For Clément Godbout, President of the Institute, it is essential to continue responsible management of past problems (sprayed-on insulation, amphibole fibres) and to ensure protection of the physical health of all workers. This is especially true for the construction industry, where specific problems exist. He would like to see the implementation of new measures, such as the setting up of a certification system for asbestos removal contractors, who must work with all types of asbestos and/or other fibres found while renovating, repairing or demolishing old buildings.

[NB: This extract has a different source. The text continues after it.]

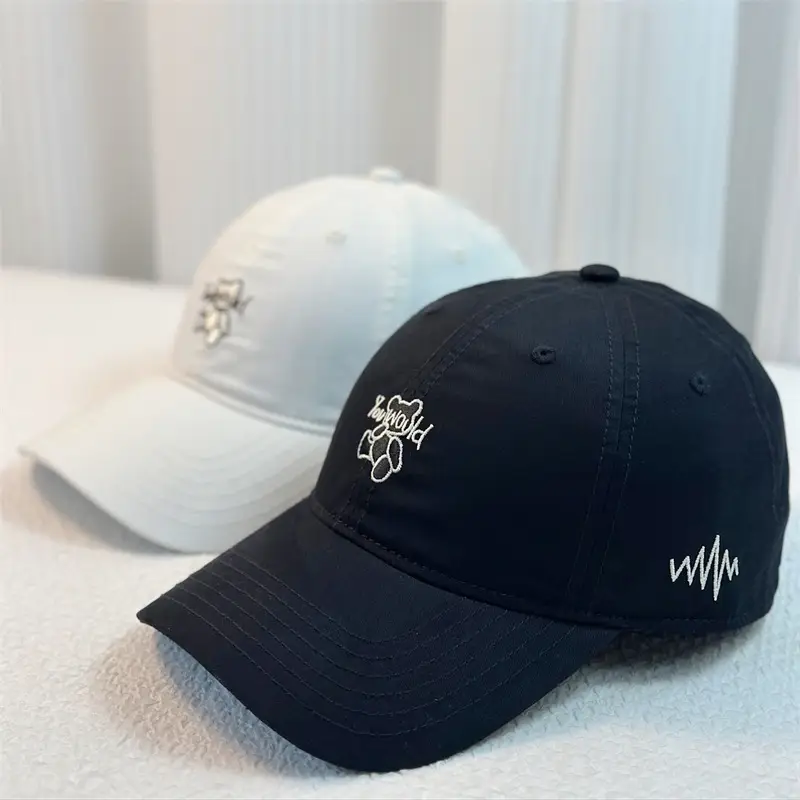 Green Bear Embroidered Baseball Cap with Heartbeat Design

The President of the Institute salutes the decision taken by numerous chrysotile producing and consuming countries, including Canada, not to include chrysotile in the PIC (Prior Informed Consent) procedure of the Rotterdam Convention. It is important to mention here the countries which stated their vigorous opposition: Russia; Ukraine; Kazakhstan; Kurdistan; Indonesia, Zimbabwe, Colombia, Mexico, Iran, Ghana, India, China and Canada. Furthermore, by abstaining to vote, major countries such as the United States and Brazil demonstrated their refusal to support the proposition put forward by Europe and Chile. It is extraordinary to note that in much of the media, anti-chrysotile propaganda accuses only Canada as being "responsible" for this decision. "It is only right that the truth come out and I am taking advantage of this occasion to set the record straight," added Mr. Godbout.
"In closing, on behalf of the Board of Directors of the Chrysotile Institute, composed of representatives of industry, and trade unions and the two levels of government, I would like to thank the both Canadian Quebec governments for their support given to the Institute for many years, and, in particular today, the Minister of Resources naturelles, de la Faune et des Parc, Mr. Sam Hamad, for the Quebec government's contribution, over the next three years, to the activities of the Chrysotile Institute. This is a clear demonstration of the will of the Quebec government to continue promoting the policy of the safe and responsible use of chrysotile, here and abroad, as well as supporting the industry and the populations of Asbestos and Thetfords Mines regions."
The Chrysotile Institute is a private organization created in 1984 by industry, unions and the governments of Canada and Quebec. Its role is to promote the adoption and implementation of regulations, standards, work methods and techniques for the safe and responsible use of chrysotile in Canada and throughout the world.